*** Supplied information

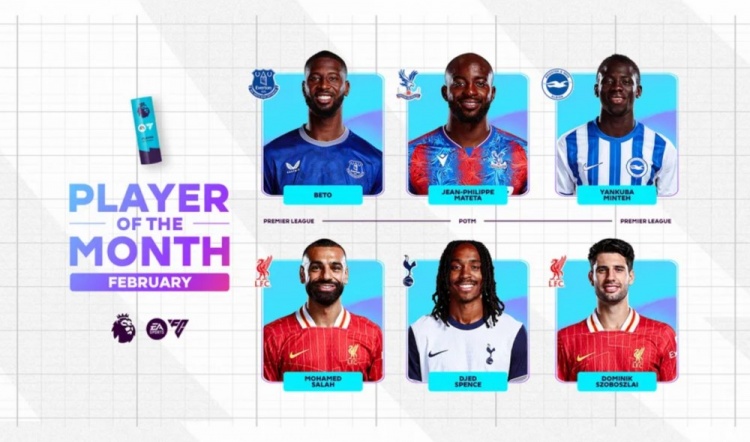  英超2月最佳候選：貝托、馬特塔、明特、薩拉赫、斯賓塞、索博
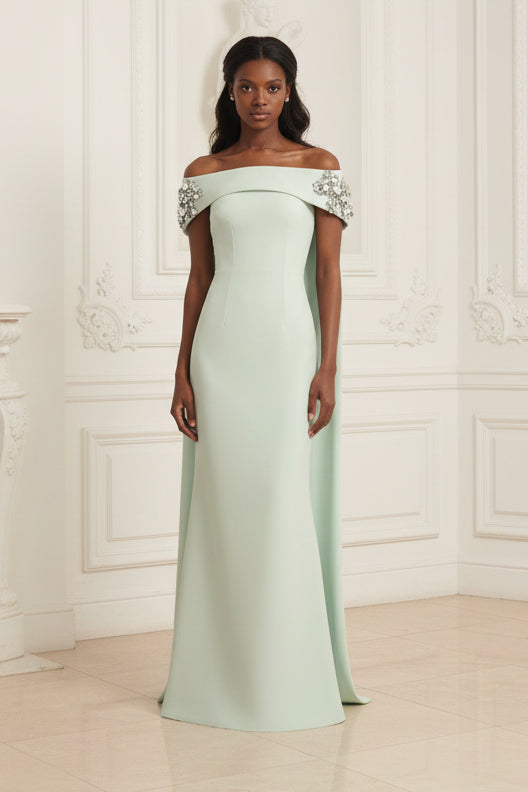 Floral Embellished Cape Off-the-Shoulder Gown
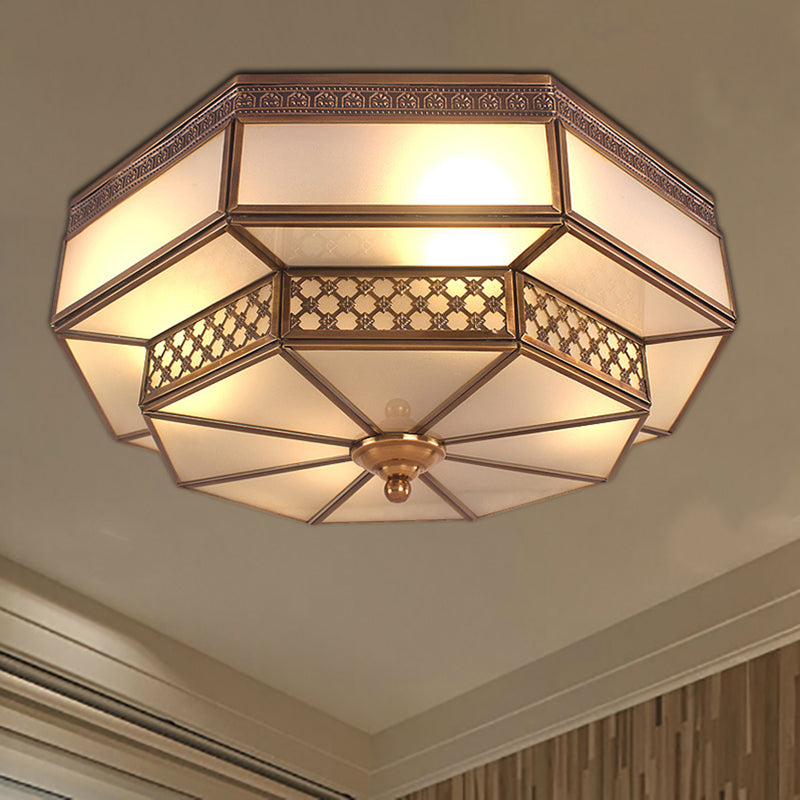 Opaline Glass Octagon Bedroom Flush Mount Light with Colonial Brass Finish - 4 Bulbs Close to Ceiling Lamp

******

▸ **Task description**
Find the line with "Floral Embellished Cape". Return it and each line after it through the end of the data, exactly, without pictures.

▸ **Result of the task**
 Floral Embellished Cape Off-the-Shoulder Gown
 Opaline Glass Octagon Bedroom Flush Mount Light with Colonial Brass Finish - 4 Bulbs Close to Ceiling Lamp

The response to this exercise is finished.